Le thème « Capturer la magie de l’enfance » lui tient particulièrement à cœur. Il lui permet de préserver et de raviver sa propre âme d’enfant, même à l’âge adulte. Cette part de nous, faite de légèreté et d’insouciance, a cette capacité précieuse de vivre l’instant présent avec une intensité totale et de s’émerveiller des petites choses du quotidien. À travers ces images, elle espére inviter les parents, et plus largement les spectateurs, à se reconnecter, eux aussi, à cette âme d’enfant, source de joie, de présence et de simplicité.


Éric Courtet.
Né en 1968 à Lorient en Bretagne, je m’initie à la photographie au début des années 1990 sur les scènes des théâtres de la région parisienne, et plus particulièrement celle de La Commune à Aubervilliers, dirigée alors par Didier Bezace. Diplômé de l’Ecole Française d’Enseignement Technique (EFET), section formation à la photographie, je m’installe à nouveau à Lorient en 2005 et m’oriente vers une photographie plus personnelle, plus intime, questionnant notre relation à la communauté humaine, puisant mon inspiration dans les œuvres des auteurs qui interrogent le lien, la mémoire, le territoire, les « affaires d’âmes ». Photographe associé au Lieu de la Photographie à Lorient, je réalise en collaboration avec celle-ci des résidences en milieu scolaire et carcéral.

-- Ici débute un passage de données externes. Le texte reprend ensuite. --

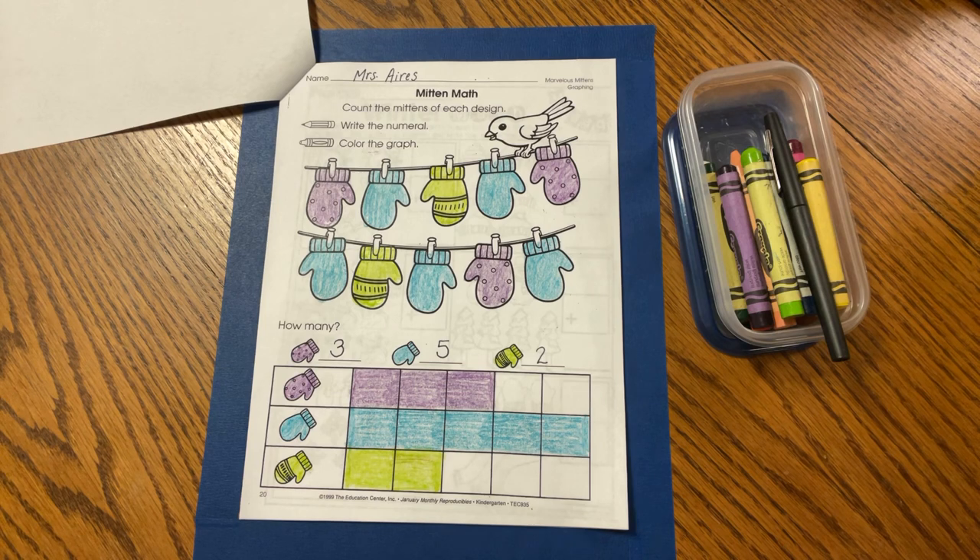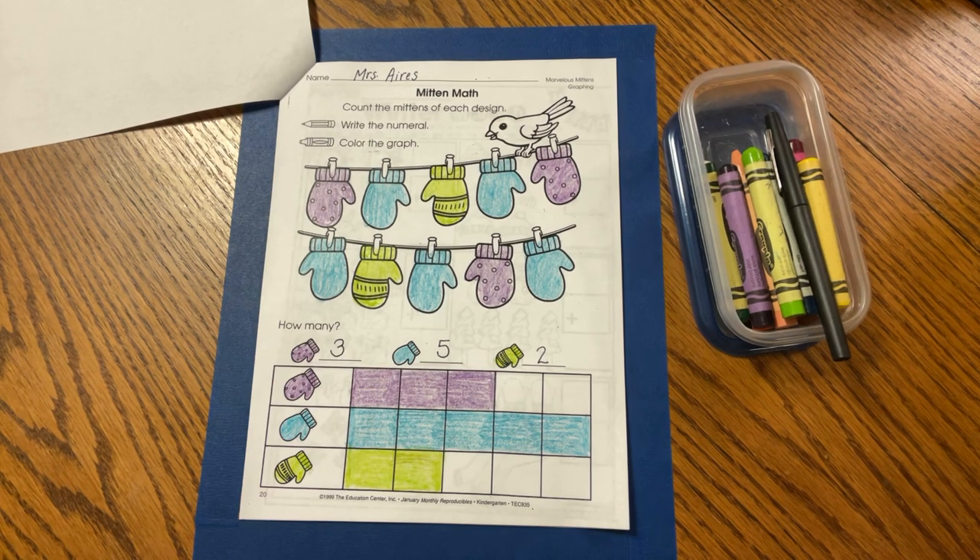I sure had fun doing some mitten math with you. I hope you enjoyed it as much as I did. Thanks for coming to Math Time with Mrs. Ides. I'll see you tomorrow. Bye, friends.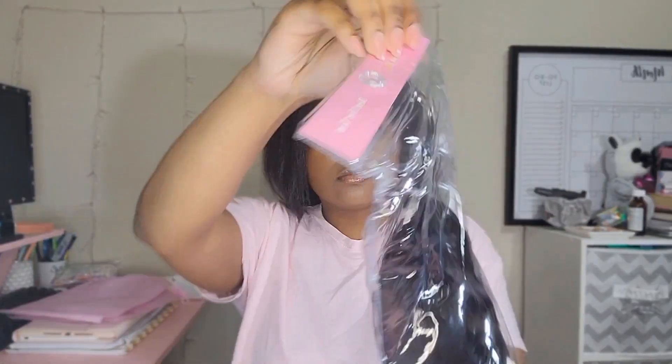Hey y'all, welcome back to my channel! Today I decided to film a 'how I install my clip-ins' video. If you like that type of thing, you should definitely keep watching. If you're new here, my name is Z. I typically use my clip-ins from Amazon — they're really affordable and I haven't had a problem with them yet. I'll have them listed below in the description box. Enough talking, let's get into the video!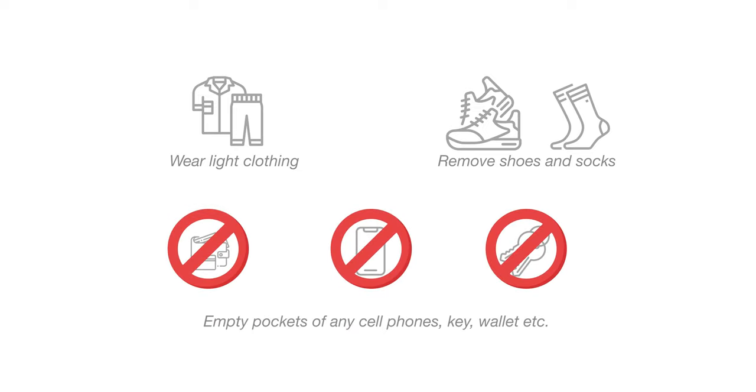Before taking your reading, make sure to wear light clothing, take off shoes and socks, and empty your pockets of any cell phones, keys, or wallets. Wearing heavy clothing such as a jacket or having items in your pockets may alter the accuracy of the reading.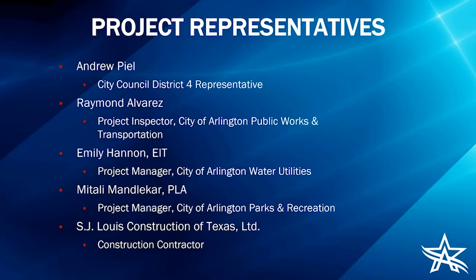Introducing our project representatives: we have Councilman Andrew Peel, our City Council District 4 representative — unfortunately he was not able to join us this evening due to a miscommunication about the meeting being rescheduled. We also have Raymond Alvarez, project inspector with the City of Arlington Public Works and Transportation Department; myself, Emily Hannon, project manager for the City of Arlington Water Utilities Department; Matali Mondokar, project manager for Parks and Recreation; and S.J. Lewis Construction of Texas, our construction contractor.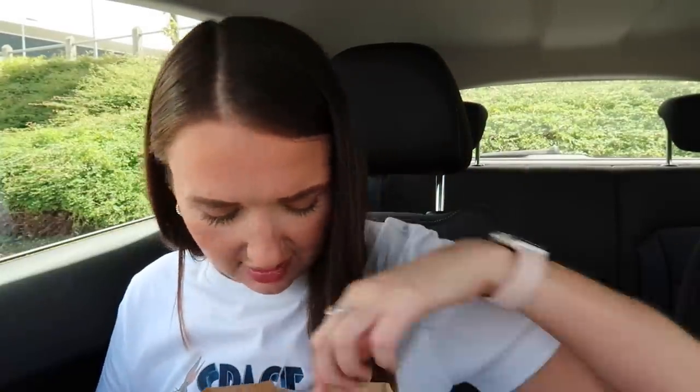Oh my god, the packaging looks so cool. I hope this lighting's okay — it's the summer so as soon as the sun comes out, the sun is the worst thing for filming. I know you probably think oh, sun gives you good light — no, it ruins it. So apologies. Now this looks classy.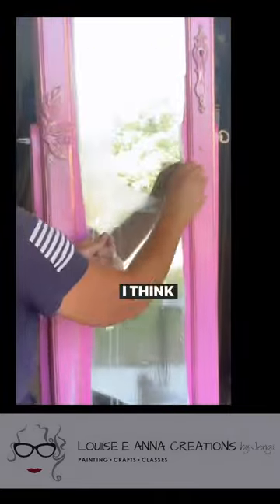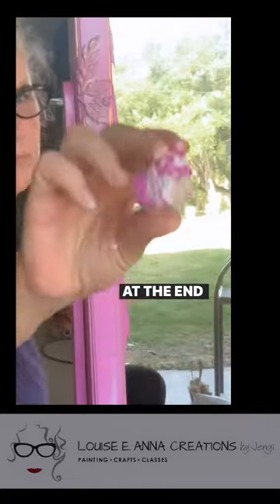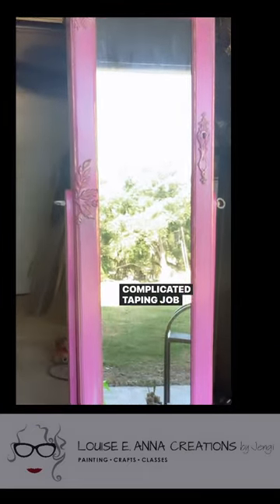It seems to work fine. I think painter's tape would have worked just as well for me on this project. At the end you end up with this little rubber ball. Overall it worked fine, but I think I would save it for a more complicated taping job in the future.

En 2023, lors des 25èmes Rencontres Photographiques du pays de Lorient, Le Lieu de la Photographie a produit et exposé mon travail, « à-côtés », un récit photographique sur le territoire du centre Bretagne. Ce travail, récent finaliste de la Quinzaine Photographique Nantaise vient de recevoir le Prix des Chemins de photos à Montréal/ Aude (11). Ce projet vient d’être publié aux éditions Révolues sous le titre « Le peuple de l’intérieur » avec la complicité de Fabien Ribery.
– « Le lieu du lien ».
Venu à la photographie par les plateaux de théâtres, les salles de concert, le reportage, je ne cesse aujourd’hui de questionner cette pratique, considérant l’acte de photographier comme un acte d’écriture. Les nombreux projets ou résidences sur lesquels j’ai travaillé ont révélé cette évidence : c’est en allant à la rencontre d’un monde souvent peu représenté, d’être à l’écoute de celles et ceux qui font le lien, la transmission, la mémoire, le territoire, que nait le récit. Le Lieu du Lien est un projet d’éducation artistique en milieu scolaire réalisé sur l’année 2023/2024 à l’école élémentaire du Bois du Château à Lorient (56). J’ai accompagné les élèves de la classe de CE2 de Gwendal Fraval pendant toute une année scolaire à travers des médiations et des ateliers autour du langage et de la pratique photographique.
M’inscrire dans ces projets de résidences scolaires, c’est poursuivre naturellement une écriture photographique singulière, celle dans laquelle je me suis engagé.


Laura Riis.
Laura Riis (b. 2002, Denmark) is a documentary photographer and full-time photojournalist whose work explores how communities navigate change, with a focus on faith, belonging, and adolescence. Her practice has taken her across Latin America and Pakistan, where she has spent several years documenting the ways people respond to cultural and systemic challenges.
Her ongoing series, Faith in Transition (Pakistan), explores religious conversion among the indigenous Kalash community and was selected as Highly Commended by the Ian Parry Photojournalism Grant 2025 and nominated for UNICEF’s Photo of the Year. Influenced by her formative years in India, Laura photographs with a gentle, observant approach, building trust to explore how people construct identity within changing worlds.
Working full-time with Duckling, a new media outlet she helped shape, Laura contributes to both editorial vision and photographic storytelling. A graduate of Photojournalism in Paris (2025), she continues to document communities at the intersection of tradition, faith, and social change.
– « Faith in Transition »
À l’extrême nord de la province de Chitral, dans les montagnes de l’Hindou Kouch au Pakistan, subsistent les derniers vestiges d’une culture ancestrale transmise depuis l’époque d’Alexandre le Grand. Cette région abrite une petite population de la communauté autochtone Kalash, dont la vie est rythmée par des rituels de danse, de couleurs et de feu, perpétuant ainsi les traditions animistes de leurs ancêtres, il y a des milliers d’années. Pourtant, avec le monde musulman comme voisin de longue date, le changement a toujours plané sur leur existence. Pour les jeunes Kalash, cela signifie grandir au milieu des conversions religieuses, se forgeant une identité entre héritage et Pakistan moderne.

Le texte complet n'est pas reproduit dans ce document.